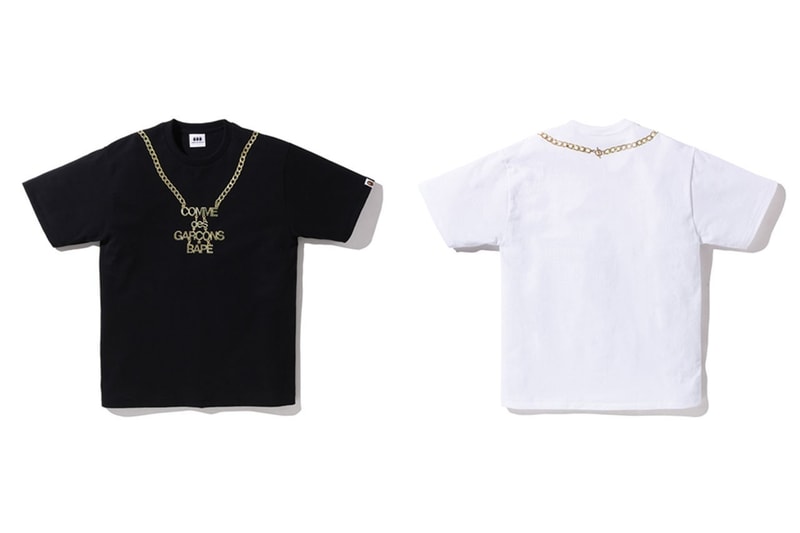COMME des GARÇONS x BAPE 最新联名系列正式登場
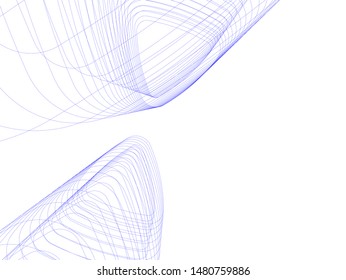 Modern building architecture 3d illustration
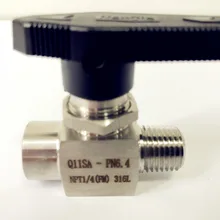 Бесплатная доставка 1/4 &quotFNPT * MNPT шаровой клапан нержавеющая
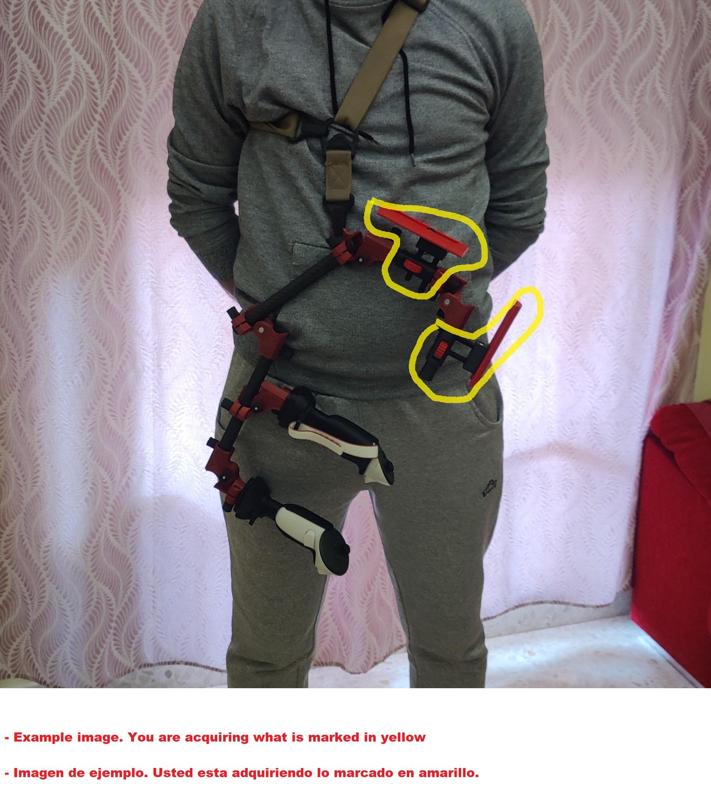 Adjustable/fixed buttstock for Mamut VR and customized buttstocks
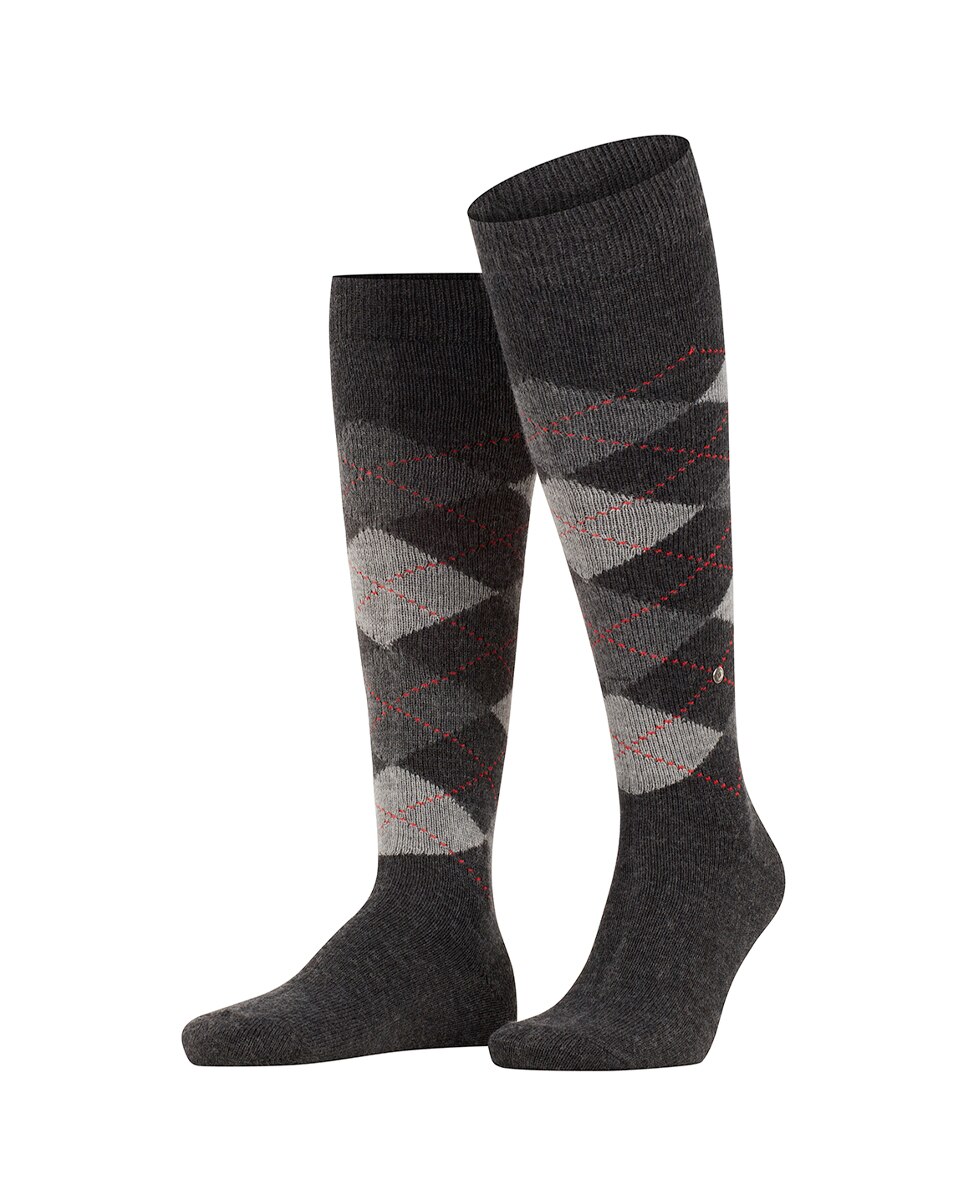 Meias altas cinzentas de homem Multicolor-3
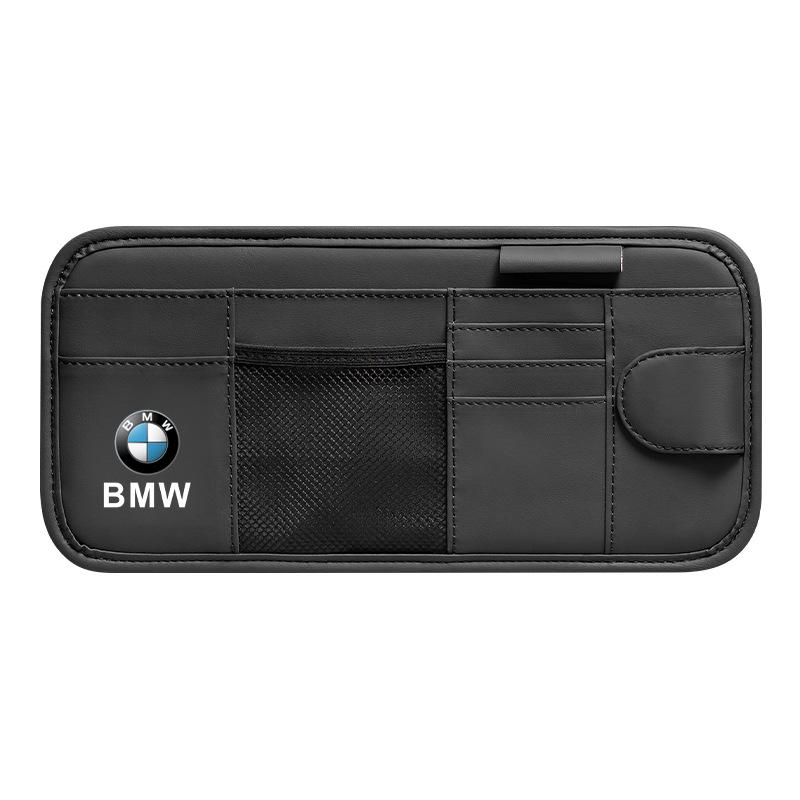 BMW Car Sunglasses Clips & Sun Visor Storage Bags for 1, 3, 5, 6, 7 Series, X1, X3, X4, X5, X6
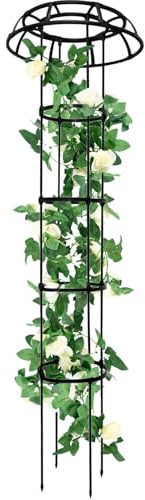 Gartenspalier - Gartenkletterhilfe für Pflanzen - Gartenspalier für Kletterpflanzen | Pilz-Rundspalier | Stützrahmen Weinreben, Bohnen, Gurken, Zucchini, Trauben, Rosen, Clematis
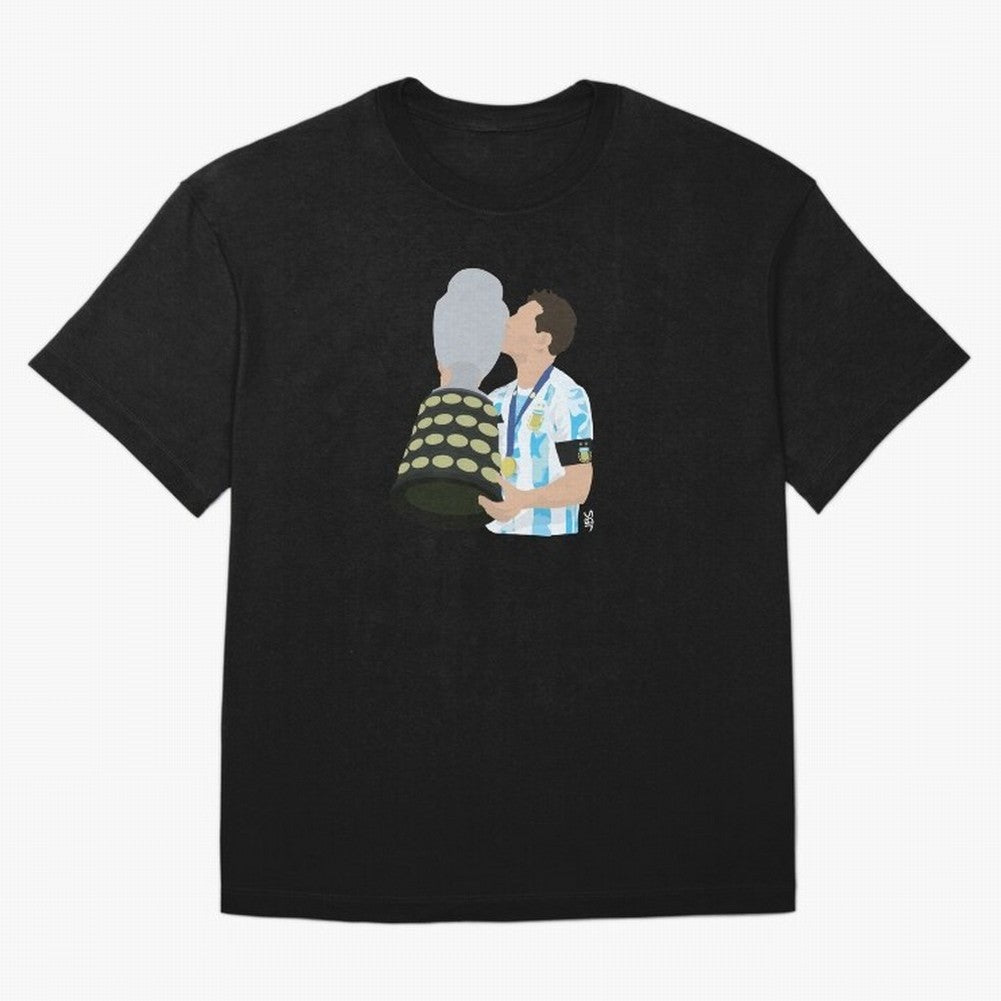 Lionel Messi Champion of America Classic T-Shirt Follow FIFA World Cup 2026 USA Canada Mexico for Fans of Neymar, Haaland and Cristiano Ronaldo and Argentina, Bringing Championship Spirit, Famous Goals, Roaring Crowds and International Football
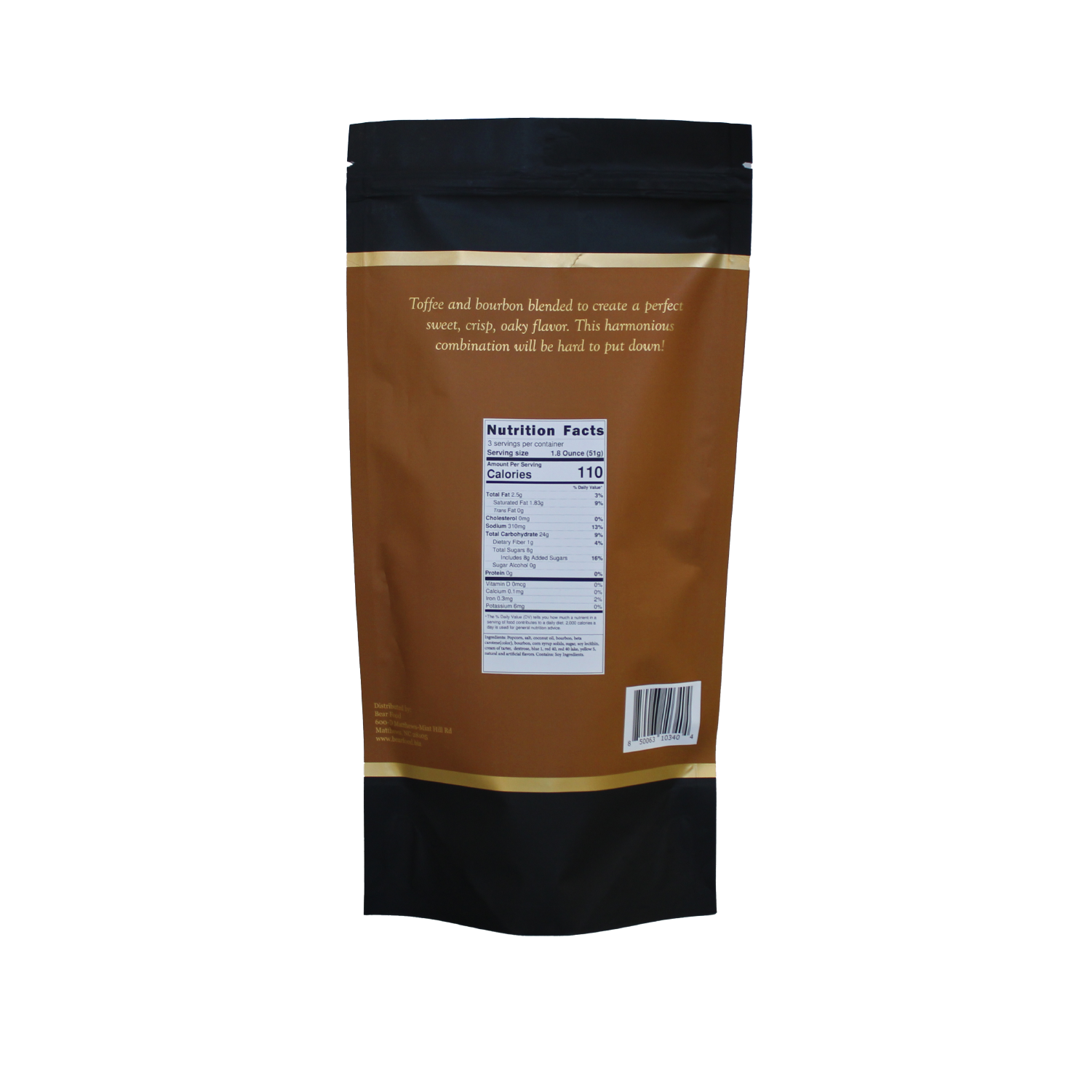 Bear Food - Wholesale Popcorn - Bourbon Toffee Gourmet Popcorn2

- **Required work**
Word for word and without pictures, please write out only the lines from the start of the entries through the line containing "Gartenspalier - Gartenkletterhilfe", both included.

- **Exercise output**
COMME des GARÇONS x BAPE 最新联名系列正式登場
 Modern building architecture 3d illustration
 Бесплатная доставка 1/4 &quotFNPT * MNPT шаровой клапан нержавеющая
 Adjustable/fixed buttstock for Mamut VR and customized buttstocks
 Meias altas cinzentas de homem Multicolor-3
 BMW Car Sunglasses Clips & Sun Visor Storage Bags for 1, 3, 5, 6, 7 Series, X1, X3, X4, X5, X6
 Gartenspalier - Gartenkletterhilfe für Pflanzen - Gartenspalier für Kletterpflanzen | Pilz-Rundspalier | Stützrahmen Weinreben, Bohnen, Gurken, Zucchini, Trauben, Rosen, Clematis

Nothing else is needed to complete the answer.